_Exercise aim_.
Leave the pictures out and print, word for word, the lines below from the one with "Geometric Round Heart" through the final line.
# # # # # # #
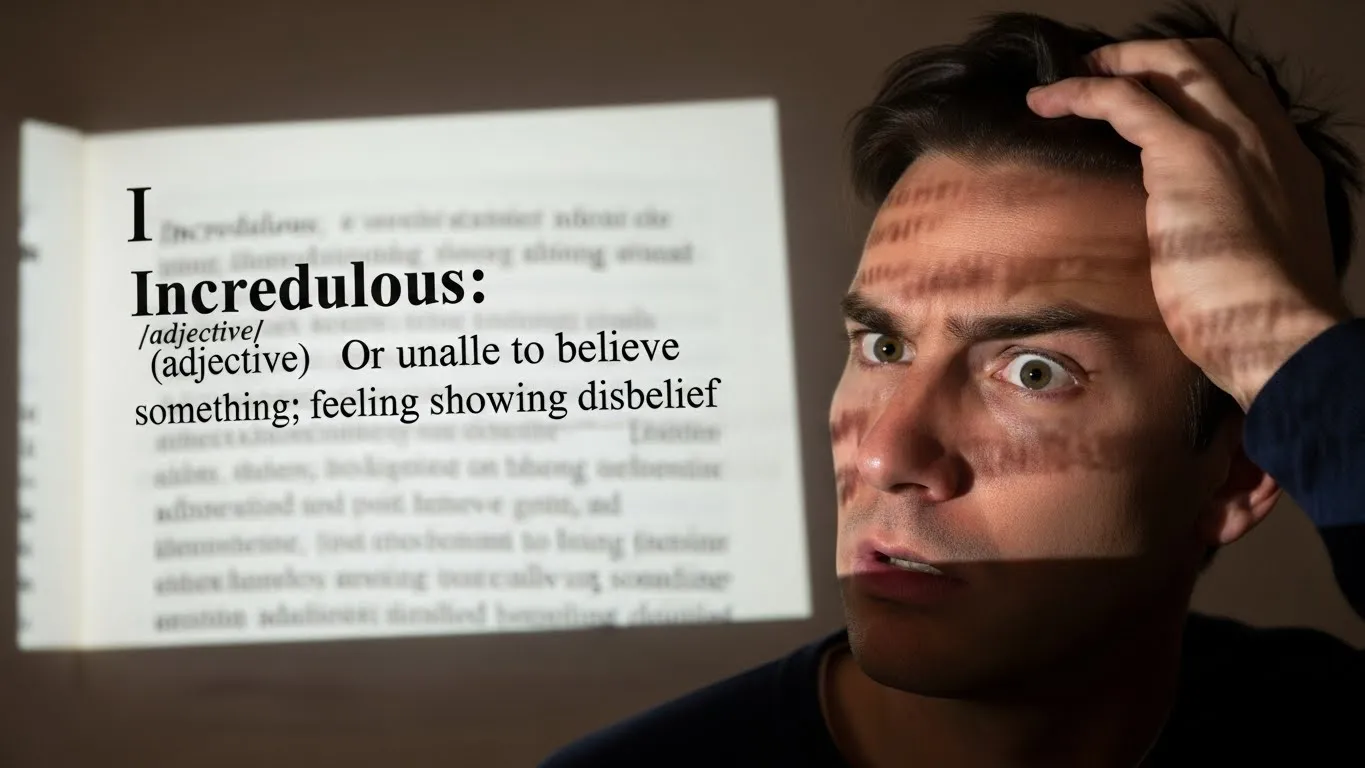 Incredulous Definition with Easy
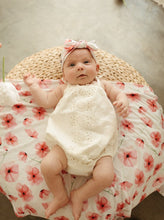 Load image into Gallery viewer, Sweet Girl Floral Swaddle (47&quot;x47&quot;) - Wonderfully Made Apparel
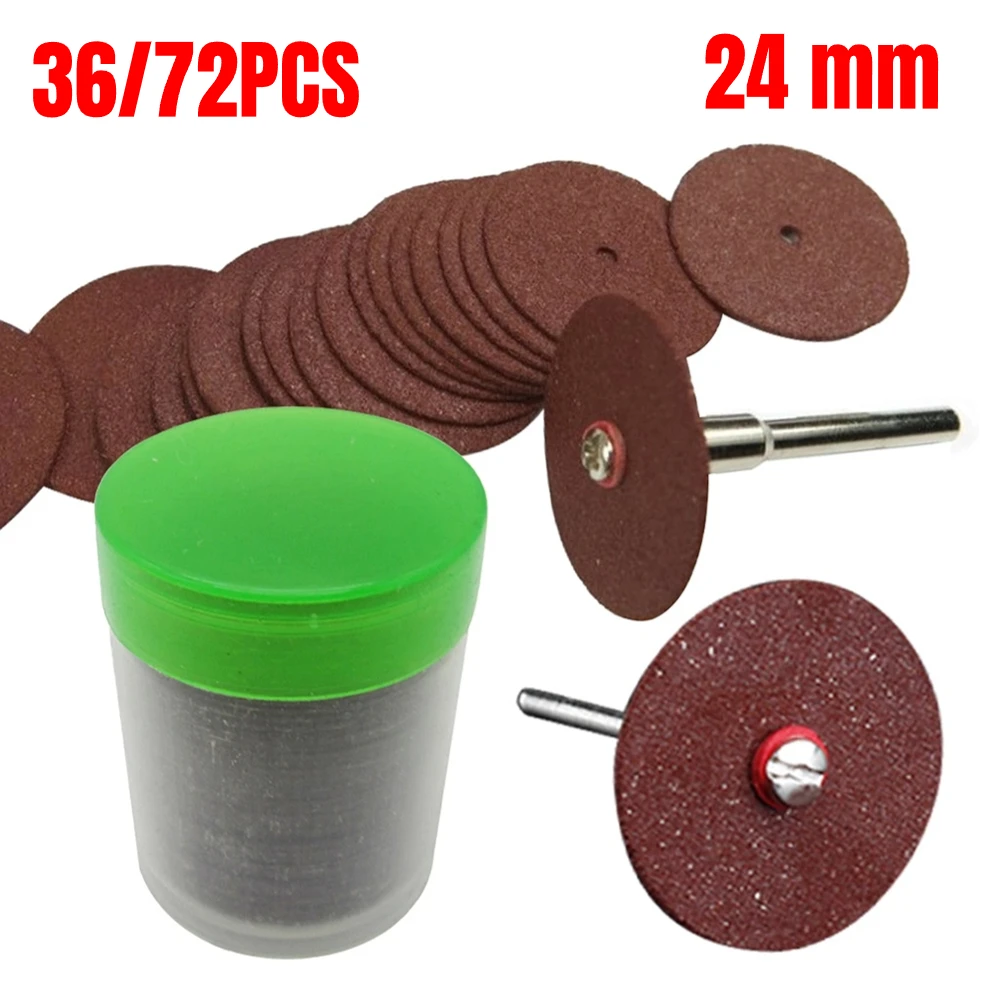 36/72pcs Dremel Accessories 24mm Abrasive Disc Cutting Discs Reinforced Cut Off Grinding Wheels Rotary Blade Disc Cuttter Tool
36/72pcs Dremel Accessories 24mm Abrasive Disc Cutting Discs Reinforced Cut Off Grinding Wheels Rotary Blade Disc Cuttter Tool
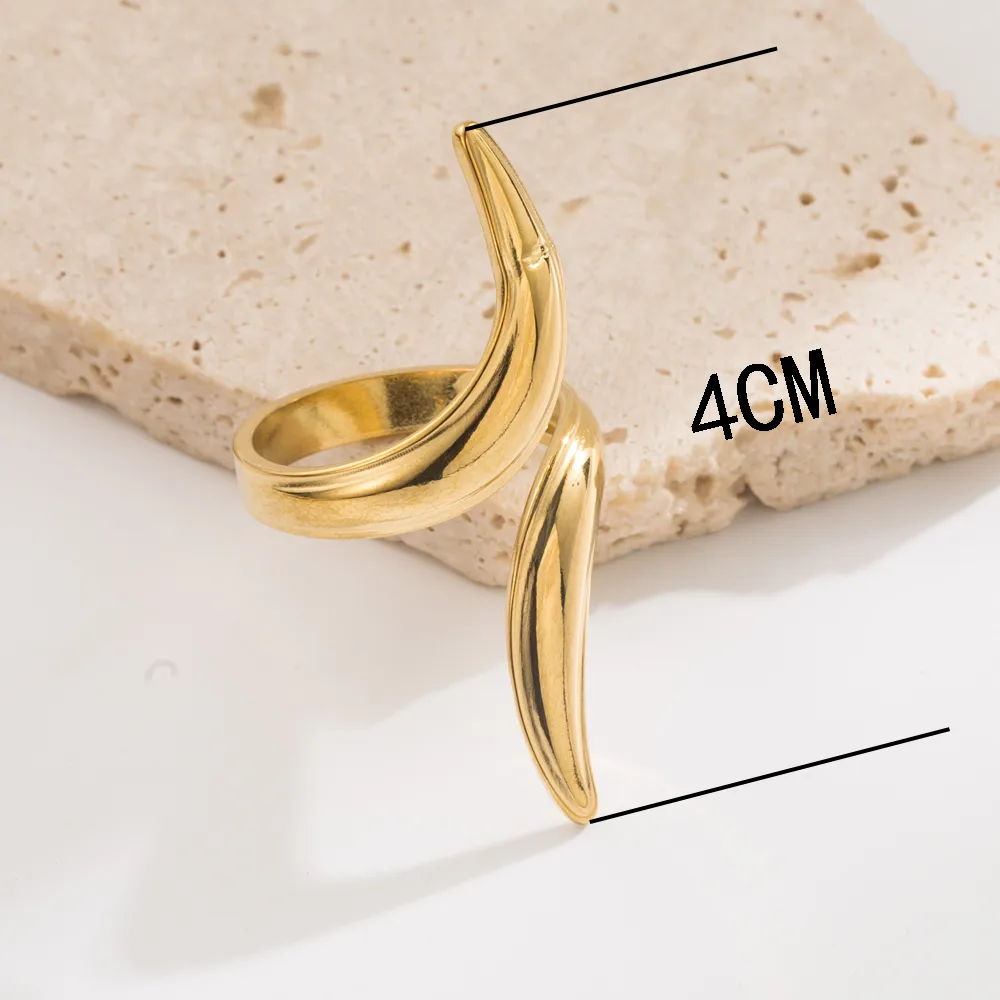 Geometric Round Heart Shape Vintage Style Lady Simple Style 304 Stainless Steel Open Rings display picture 5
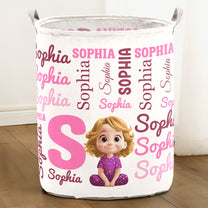 Kid Name Pattern - Personalized Laundry Storage Basket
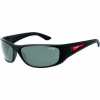 Arnette Freezer Men's Lifestyle Sunglasses w/ Free B&F Heart Sticker Bundle - 01/87 Matte Black/Grey / One Size Fits All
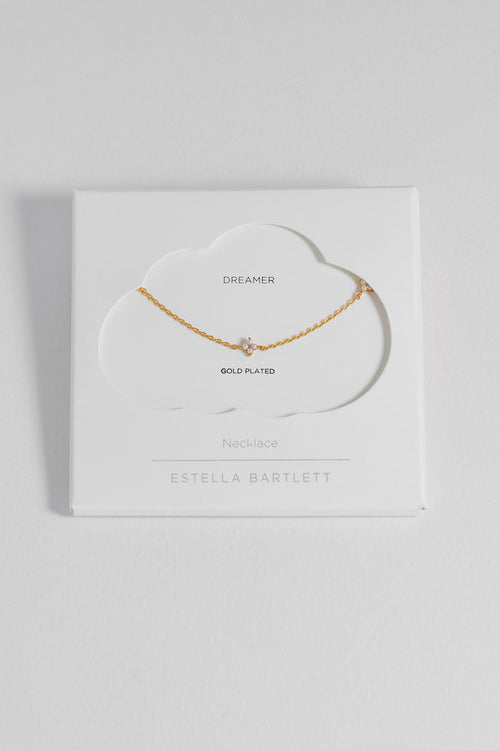 Mini Pearl Flower Necklace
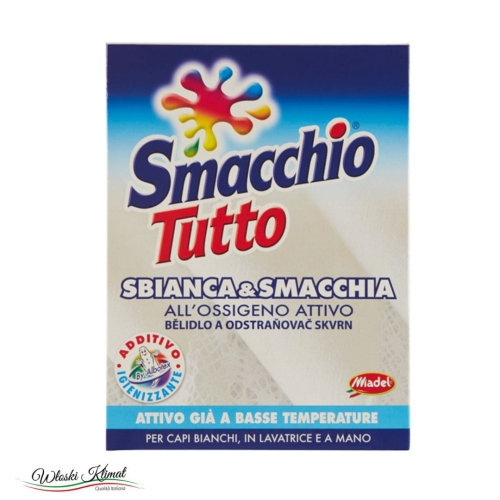 Odplamiacz z wybielaczem w proszku Smacchio Tutto MADEL 1kg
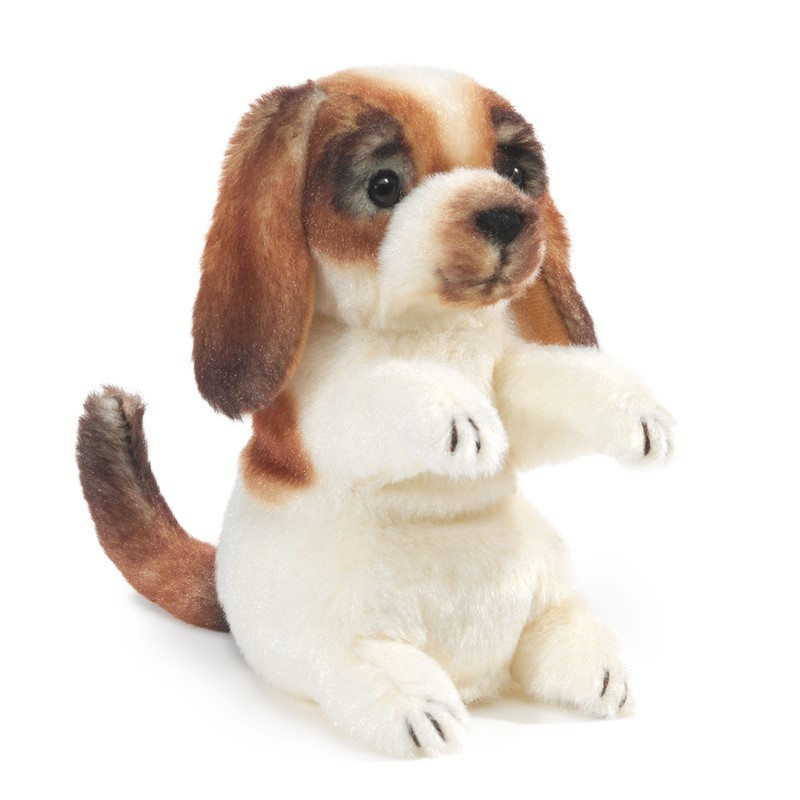 Folkmanis Mini Dog Finger Puppet | MiniZoo Puppets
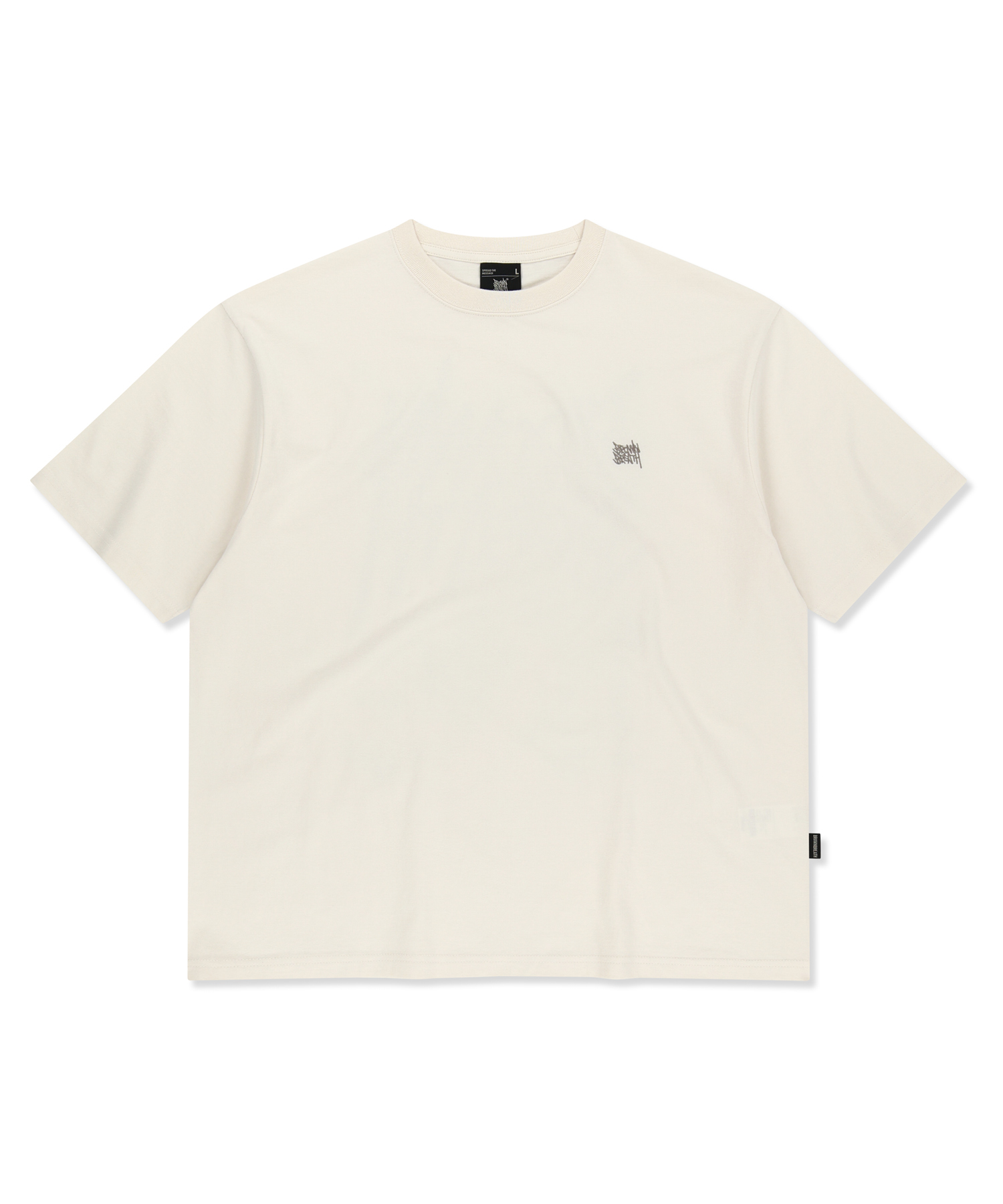 KITTY TAG TEE - IVORY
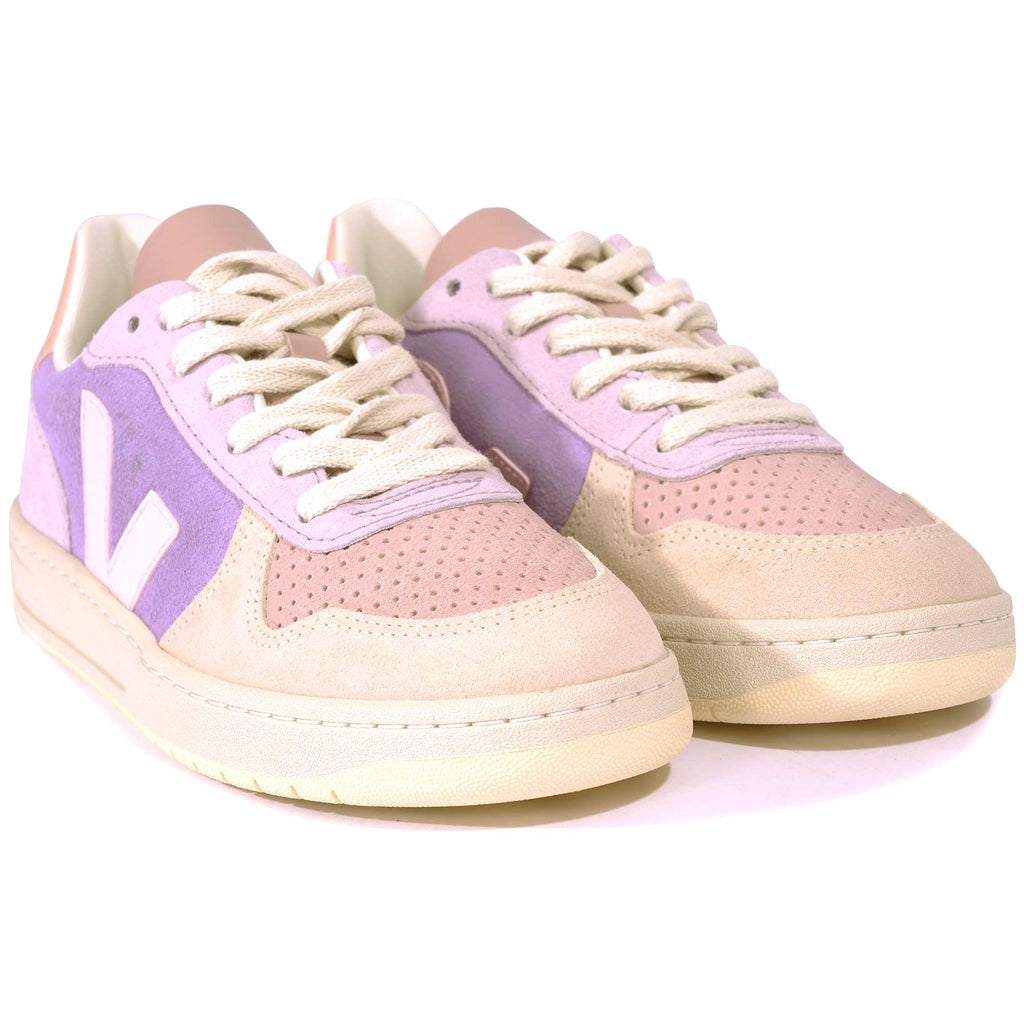 Veja Womens V-10 Suede - Purple/Beige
# # # # # # #
_Task solution_.
 Geometric Round Heart Shape Vintage Style Lady Simple Style 304 Stainless Steel Open Rings display picture 5
 Kid Name Pattern - Personalized Laundry Storage Basket
 Arnette Freezer Men's Lifestyle Sunglasses w/ Free B&F Heart Sticker Bundle - 01/87 Matte Black/Grey / One Size Fits All
 Mini Pearl Flower Necklace
 Odplamiacz z wybielaczem w proszku Smacchio Tutto MADEL 1kg
 Folkmanis Mini Dog Finger Puppet | MiniZoo Puppets
 KITTY TAG TEE - IVORY
 Veja Womens V-10 Suede - Purple/Beige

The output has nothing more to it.